Она удивленно разглядывает портрет.
— Это ты, моя девочка. Это ты приподнялась и купила Лейбе компьютер. Раньше Лейба разгадывал кроссворды, а теперь, цыпа моя, я рисую. Я взял фотографию моей мамочки, светлая ей память — святая была женщина. Она пережила петлюровские погромы, репрессии, космополитов — и, заметьте, Сонечка, она не знала ни одного слова матом и говорила очень тихо. Звали ее Эсфирь Марковна — свя…
— Лейба, вы бредите? Чья мама?
— Я отсканировал мамину фотографию и твое, Сонечка, фото с водительских прав. И получился в результате этот необычайной красоты образчик искусства.
— В изобретательности вам не отказать. Ну, а как… дела?
Лейба Аронович деловито засопел:
— Наверное, ты хочешь спросить-таки, сколько денег? И я отвечу тебе, дорогая. Денег много и будет еще больше. Хочешь сейчас или пусть полежат?
— Пусть полежат. У меня сегодня дело государственной важности.
Вот оно и свершилось. Вот она и дождалась. Никто не верил, только она знала наверняка. Так будет. Федор вернется, будет и целовать, и говорить, и обманывать. А она будет верить. Отдаваться и верить. Верить, пока отдается, в то, что все еще возможно. Ночь была бурной, утро поздним. Раскаявшийся изменщик Федя ушел в дуги, а Нонна, завернувшись в махровый халат, расхаживает по комнатам люкса и разглядывает его вещи, брошенные повсюду. Как всегда, Федор разбросал одежду и книги, контейнер для линз и музыкальные диски. Ничего не изменилось. Нонна берет его свитер и нюхает. Годами она помнила его запах, от которого приятно ныло сердце и тепло разливалось по телу.
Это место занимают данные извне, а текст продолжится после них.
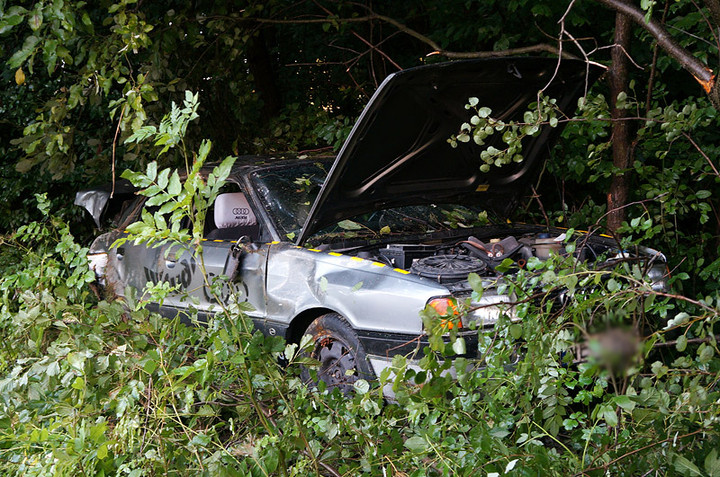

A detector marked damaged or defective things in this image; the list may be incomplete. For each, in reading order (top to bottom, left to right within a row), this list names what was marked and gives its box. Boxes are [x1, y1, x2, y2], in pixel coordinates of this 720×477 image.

crashed car [76, 56, 668, 390]
damaged car body [76, 57, 668, 390] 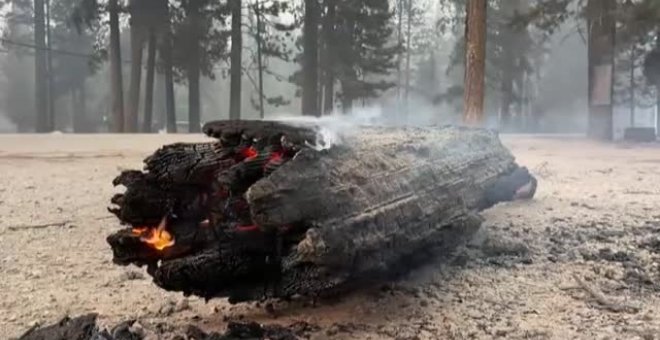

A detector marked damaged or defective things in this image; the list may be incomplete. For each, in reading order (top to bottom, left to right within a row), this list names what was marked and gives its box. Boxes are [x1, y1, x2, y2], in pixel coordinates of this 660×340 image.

burnt debris [104, 121, 536, 302] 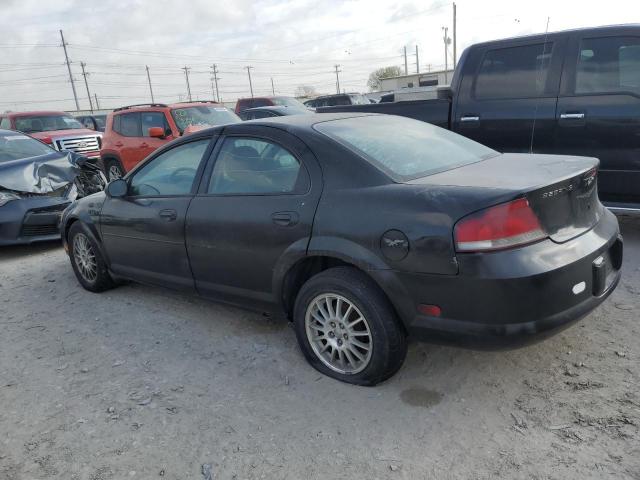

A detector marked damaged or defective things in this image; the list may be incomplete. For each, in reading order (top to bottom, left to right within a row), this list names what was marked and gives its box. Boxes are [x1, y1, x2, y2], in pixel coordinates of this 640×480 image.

damaged vehicle [0, 129, 106, 246] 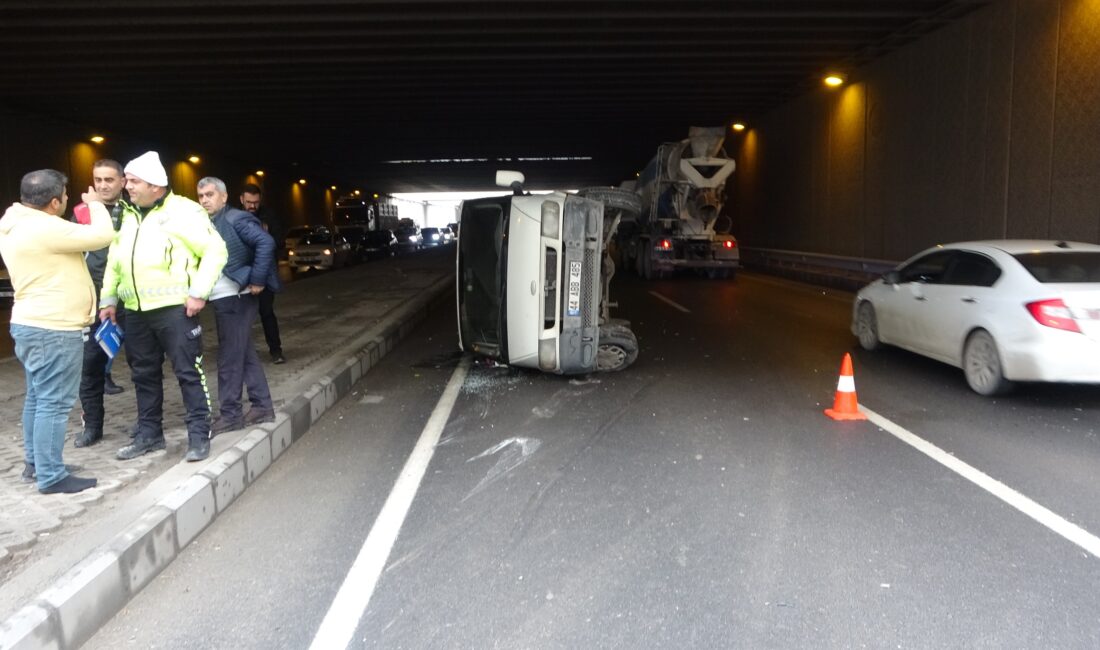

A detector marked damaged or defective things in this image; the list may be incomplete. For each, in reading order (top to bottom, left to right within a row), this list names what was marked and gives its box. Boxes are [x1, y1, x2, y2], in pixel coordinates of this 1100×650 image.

overturned van [458, 171, 644, 374]
damaged vehicle [460, 171, 648, 374]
Вернулся Федя. Бедра обмотаны полотенцем, по груди стекают капли воды.
— Что ты делаешь? — улыбнулся он.
Что она делает? Действительно, что она здесь делает?
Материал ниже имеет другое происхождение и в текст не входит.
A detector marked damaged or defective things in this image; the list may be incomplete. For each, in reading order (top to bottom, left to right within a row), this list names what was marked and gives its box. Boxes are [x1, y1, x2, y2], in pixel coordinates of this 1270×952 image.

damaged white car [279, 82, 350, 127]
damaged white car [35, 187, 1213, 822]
— Ничего не чувствую, — отозвалась Нонна.
— Нос заложило?
— Типа того…
Она аккуратно складывает свитер и кладет его на стул. Федор подходит к жене и обнимает.
— Я скучал.
— Да?
— Я твое тело помню так… — он осторожно касается ее щеки. — Под пальцами.
— Да?
— Надо что-то решать.
— Да…
Он прав. Надо что-то решать.
— Да, да, да, — выдыхает ей в шею Федя.
Нонне щекотно и страшно. Еще несколько дней назад судьба Нонны и Миши, и даже Араксии Александровны зависела от того, когда вернется ветреный Федор и вернется ли вообще, а теперь все они, включая возвращенца, ждали ее решения. Теперь ей придется взять ответственность на себя. Нонна отстраняется и садится на диван. Федор задумчиво глядит на нее и констатирует:
— Что-то не так.
Нонна поднимает голову.
— Это вопрос?
— Если хочешь, я спрошу: что-то не так?
— А ты сам как думаешь?
Федор усмехается и садится в кресло напротив Нонны.
— А зачем мне думать? Я про тебя все, все, все знаю. Я тебя чувствую. Даже нет… Ты во мне, ты часть меня. Я же не задумываюсь, когда хочу, например, моргнуть.
— В том-то и дело. В том-то и дело…
— Не веришь?
Нонна разубеждает его:
— Нет, наоборот, верю. Я знаю это. У меня точно так же. Иначе бы я тебя не ждала. Я бы знала, что это бесполезно. Но я знаю тебя и знала, что ты вернешься. Потому что ты тоже во мне. Постоянно. Каждую секунду.
— Так в чем же дело?
— Просто дело в том, что я не знаю, рада я этому или нет.
— Так подумай.
Нонна резко вскидывает голову.
— Когда-то именно за это я тебя любила. За то, что всегда и везде ты оставался независимым. За то, что когда ты очевидно и страшно виноват, каким-то мистическим, каким-то непостижимым образом не ты, а все остальные чувствовали неловкость. Ты же — никогда. Феденька, родной, тебе нечего мне сказать, кроме того, что вот он я, люби меня и жалуй?